London has a fight on its hands as other ‘tech cities', such as Cambridge, Bristol and Edinburgh, gain ground in hiring people with digital skills, according to IT hiring trends.
Britain's capital has long been responsible for sucking up the top talent from a range of industries, but figures reported in the latest quarterly Tech Cities Job Watch from resourcing firm Experis showed that the trend could change in the technology sector.
Over 52,000 IT jobs were advertised across the UK between July and September 2015, but the number being advertised in London dropped by eight percent to 35,610, apparently in line with summer trends as hiring slows with more people on holiday.
But cities to the North, such as Manchester and Leeds, posted more roles for the same period, while Glasgow advertised double the number of permanent IT roles than in the previous quarter.
Martin Ewings, SMB director at Experis, told V3 that London still attracts significant numbers of applicants for technology jobs, and offers higher salaries, but no longer has a strangle hold on the market.
"London will continue to be the hub for technology skills by the very nature of what it is. But what we're seeing is a drive by organisations to make cost savings by moving part of their organisation out of London. We've seen big organisations move their IT hubs to the likes of Leeds," he said.
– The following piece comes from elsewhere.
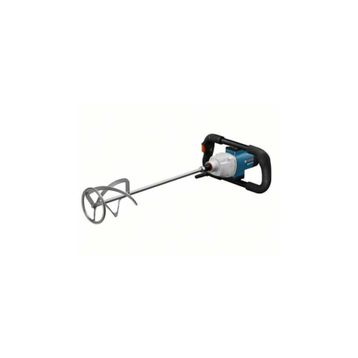 Bosch GRW 12-E Karıştırıcı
"What we're seeing now is there's a genuine alternative to working in London. That won't suit everybody, but for those people who are interested in it, there is an appetite and an opportunity for them to find cutting-edge work out of the city."
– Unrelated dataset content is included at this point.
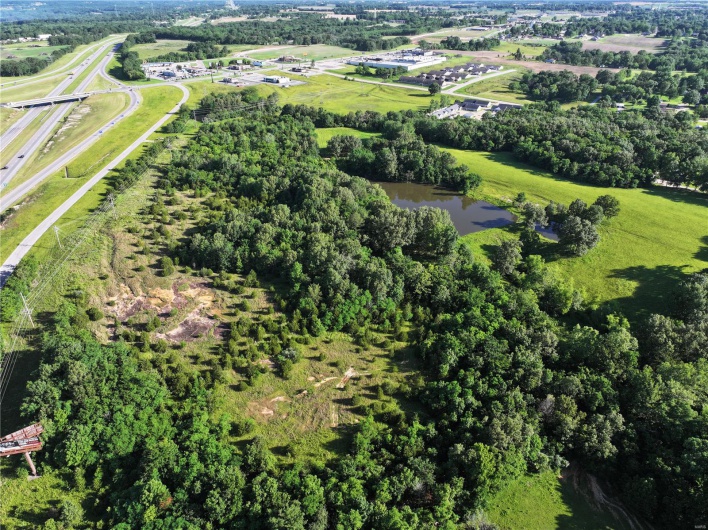 0 Off Crestview Lane, Perryville, Missouri 63775, ,Farm,For Sale,Off Crestview Lane,MAR24034373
This trend is causing more jobs to become available in the technology sector beyond the M25 and the attractions of the London's Tech City.
The development of more technology clusters beyond London, alongside the government's investment in creating the ‘Northern Powerhouse' of cities, have also gone some way to fuel the number of technology jobs being advertised in the regions.
Offering another way
Everyone from literary geniuses, poets to those attracted by bright lights have extolled the virtues of London, but Ewings said that other cities are attracting talent by offering an alternative lifestyle with lower prices and less crowded transport.
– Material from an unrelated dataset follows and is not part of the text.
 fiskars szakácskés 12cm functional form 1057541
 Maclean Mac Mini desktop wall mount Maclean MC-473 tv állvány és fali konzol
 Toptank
"Don't try and compete with London. If someone wants to work in the capital and has those technology-based skills they are going to work in London because there's more money there and they see it as great opportunity. But that doesn't fit every profile of people who want to get involved in digital and IT," he said.
Ewings noted that many people looking for IT jobs are recent graduates who are more flexible and want to work on projects that excite and offer a good work-life balance as opposed to just a healthy salary.
"We recently did some work with an organisation in south Wales, where we said to them don't try and compete with what London offers, try and offer an alternative to London. So we very much played up the surfing culture and we played up the work-life balance," he said.
"There is a genuine population of emerging technology specialists who actually want to move away from London and find work in these [other] tech cities."
Workplace flexibility, easy commuter routes, and remote working highlight other cities as attractive places for technology workers.
London is not likely to lose its appeal to new graduates or metropolis-loving workers, but Tech Cities Job Watch demonstrates that there are jobs in the technology world beyond the capital.
However, all the tech cities will still need to address the overarching problem of a lack of digital skills in the UK, which recently prompted the creation of the Tech Nation Visa to find over 200 overseas experts to plug the UK's skills gap.